The improved Rosen–Morse potential (IRMP) or exponential Rosen–Morse potential has more independent fitting parameters for experimental data than the trigonometric Rosen–Morse potential. Quantum well potentials are often used in combination with other materials to create heterostructures. By stacking different layers of materials with varying bandgaps and compositions, researchers can create quantum wells with different geometries. These heterostructures can provide additional degrees of freedom to control the electronic properties, enabling the design of advanced devices like high-electron-mobility transistors (HEMTs) [6,7] and quantum cascade lasers. The significance of quantum well potentials with different geometries lies in their ability to manipulate electron energies, confinement effects, quantum tunneling, optical properties, and the creation of complex heterostructures.
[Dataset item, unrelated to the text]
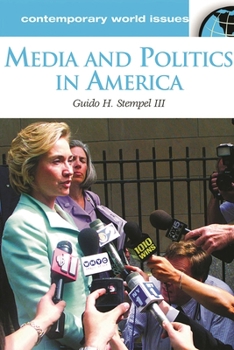 Hardcover Media and Politics in America: A Reference Handbook Book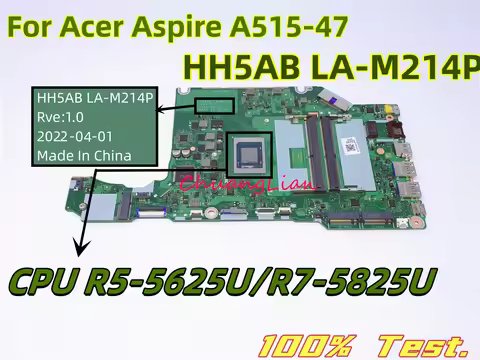 HH5AB LA-M214P For Acer Aspire A515-47 Laptop Motherboard With CPU Ryzen 5- 5625U/Ryzen 7-5825U LA-M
By tailoring the geometry, researchers can engineer the desired electronic and optical characteristics for various applications in semiconductor devices and quantum technologies. Low-dimensional semiconductor heterostructures in which position-dependent mass (PDM) or spatially variable mass effects are taken into account are of interest to researchers because of their importance in many branches of physics, especially in the study of electronic and optical properties of semiconductors [8,9,10,11,12,13,14,15]. The IRMP, or eRMP, serves as a reliable model for describing the interaction between particles in various physical systems. By including more appropriate parameters, it provides a more flexible framework than trigonometric RM potential to accurately represent experimental data.

This study capitalizes on these advantages to explore the behavior of electrons in a quantum well, where the effective mass varies spatially. As known, understanding the electronic properties of confined electrons is crucial for developing advanced electronic devices and optoelectronic applications. Although there are a limited number of studies on the optical properties of quantum wells and quantum dots with trigonometric RM potential under external fields and without PDM [16,17,18], we have not found any studies on the optical properties of quantum well (QW) with IRMP. Therefore, in this study, which had never been studied except for the calculation of rotational-vibration energies of some diatomic molecules, we investigated, for the first time, the electronic and optical properties of an electron with spatially varying effective mass, confined in a QW which has IRMP.

This work is arranged as follows: the theoretical framework is presented in Section 2, the results and discussion are outlined in Section 3, and the conclusions are given in Section 4.

2. Theoretical Framework

In the effective mass approximation, the Hamiltonian for the electron is given by

$$H=-\frac{{ħ}^2}{2}\overrightarrow{\nabla }·\left(\frac{1}{m\left(z\right)}\overrightarrow{\nabla }\right)+V\left(z\right),$$

(1)

where $m\left(z\right)$ is the position-dependent electron effective mass along the heterostructure growth direction, and it is as defined below:

$$m\left(z\right)=m^{*}sec{h}^2\left(\frac{\mathit{\pi }z}{d}\right),$$

(2)

where the d-parameter describes the effective length of position dependence mass (PDM) distribution and $m^{*}=0.067m_0$ is the effective mass at $z=0$ ($m_0$ is the free electron mass). At sufficiently large d-values, the variable mass approaches the value of the electron mass in the bulk material of interest, and the uniform behavior, stability, and spatial extension of the effective mass also increase. $V\left(z\right)$ is the IRMQW potential, and its functional form is given as follows [19]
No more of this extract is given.